Task objective: Transcribe only the lines of the listing below from the one holding "BPTD Siapkan Tambahan" through the one holding "KAS linge de lit Satin Tropico", inclusive, without any change.

Source data:
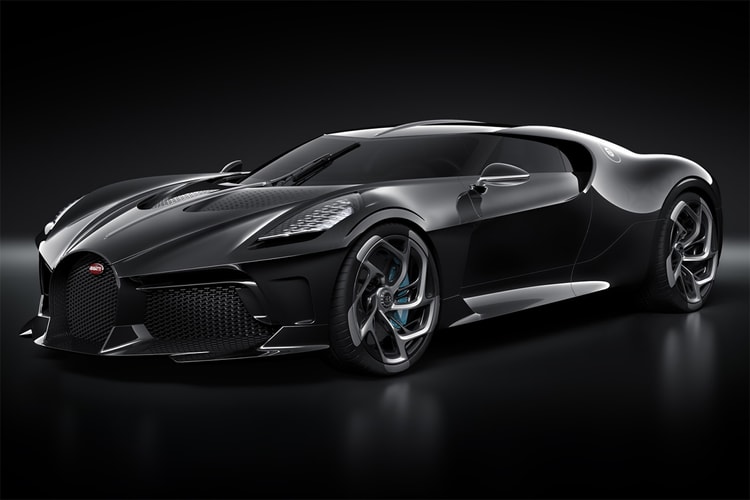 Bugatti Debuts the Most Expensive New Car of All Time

...

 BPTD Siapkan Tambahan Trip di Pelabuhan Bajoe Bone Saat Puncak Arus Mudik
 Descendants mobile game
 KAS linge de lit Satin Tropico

...

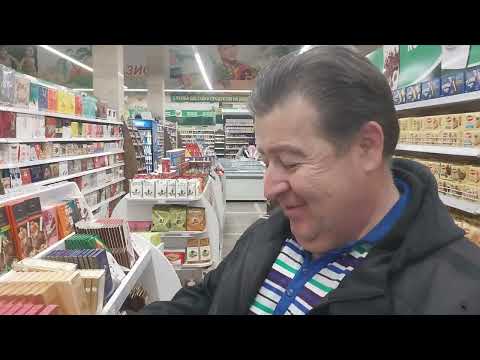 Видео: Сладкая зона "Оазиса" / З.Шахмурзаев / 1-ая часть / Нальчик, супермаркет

Response:
 BPTD Siapkan Tambahan Trip di Pelabuhan Bajoe Bone Saat Puncak Arus Mudik
 Descendants mobile game
 KAS linge de lit Satin Tropico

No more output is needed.